For the reason described in Part 2, we should use adjusted \(R^2\) to compare multiple regression models.

  • Adjusted \(R^2\) doesn’t increase if a new variable does not provide any new information or is completely unrelated.
  • Adjusted \(R^2\) penalizes the number of predictors in the model.
  • Therefore, adjusted \(R^2\) decreases unless the new variable helps explain the response.

In mathematical definition, the adjusted \(R^2\) is

\[ 1 - (1 - R^2) \frac{n-1}{n - k - 1} \]

where \(n\) is the number of observations (in the data) and \(k\) is the number of predictors (in the model).

  • \((1-R^2)\) is the proportion of variability not explained by the model.
  • If \(k\) increases, the denominator of \(\frac{n-1}{n - k - 1}\) (“weight”) decreases and thus the weight increases.
  • Together, the larger weight amplifies the unexplained proportion of the variability by the model and reduces the adjusted \(R^2\).

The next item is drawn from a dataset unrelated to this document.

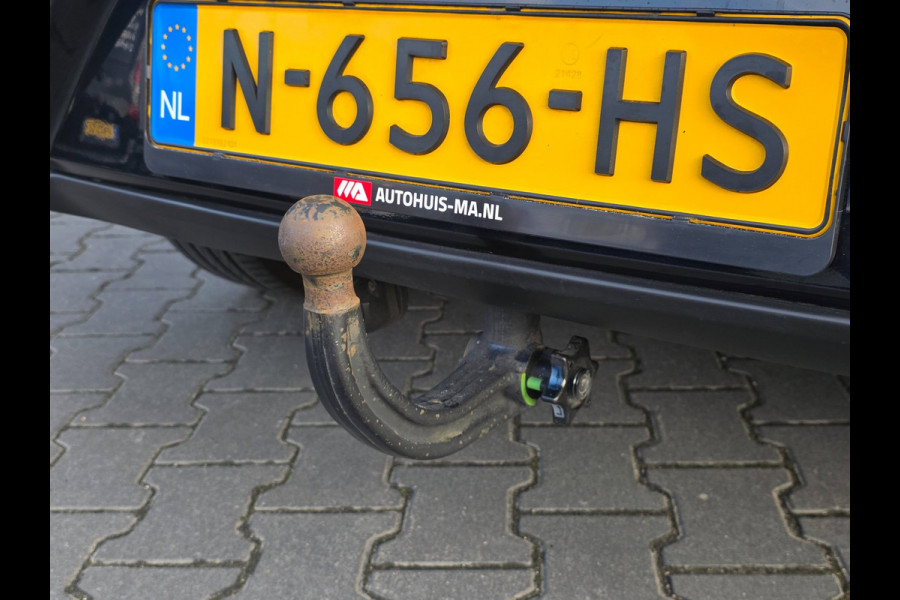 Kia e-Niro DynamicPlusLine 64 kWh | 98% SOH | TREKHAAK | PANO | WINTERPAKKET | CAMERA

Q - Report adjusted \(R^2\) values for Model 1-3. Based on those, determine which one is the best model.

## model 1

## model 2

## model 3

Part 4: Price vs. Age + Type

We now consider a regression model with the response price versus a numeric variable age and a categorical variable type (Accord, Maxima, Mazda6).

Last time, we created a plot below.

car_prices %>% 
  ggplot(aes(x = age, y = price, color = type)) + 
  geom_point() +
  geom_smooth(method = "lm", se = FALSE) + 
  labs(x = "Car age (in years)", 
       y = "Price (in thousands of dollars)", 
       color = "Model") +
  scale_color_viridis_d() +
  theme(aspect.ratio = .6)

Q - From the visualization, do you think the relationship between age and price depends on the model of a car?

Q - Fit a linear model (Model 4) for price with age and type as predictors. Write out the equation of the fitted model with variable names. Interpret the coefficients in the context of data. Report either \(R^2\) or adjusted \(R^2\) to compare with previous models (Model 1-3).

  • Model 4: Price vs. Age + Type

Interpretations

  • Intercept:
  • Slope of age:
  • Slope of type = Maxima:
  • Slope of type = Mazda6:

Q - In the above visualization, lines for Accord and Mazda6 seem parallel, while the slope of the line for Maxima is different. What do you think it suggests?

Submitting Application Exercises

  • Once you have completed the activity, push your final changes to your GitHub repo.
  • Make sure you committed at least three times.
  • Check that your repo is updated on GitHub, and that’s all you need to do to submit application exercises for participation.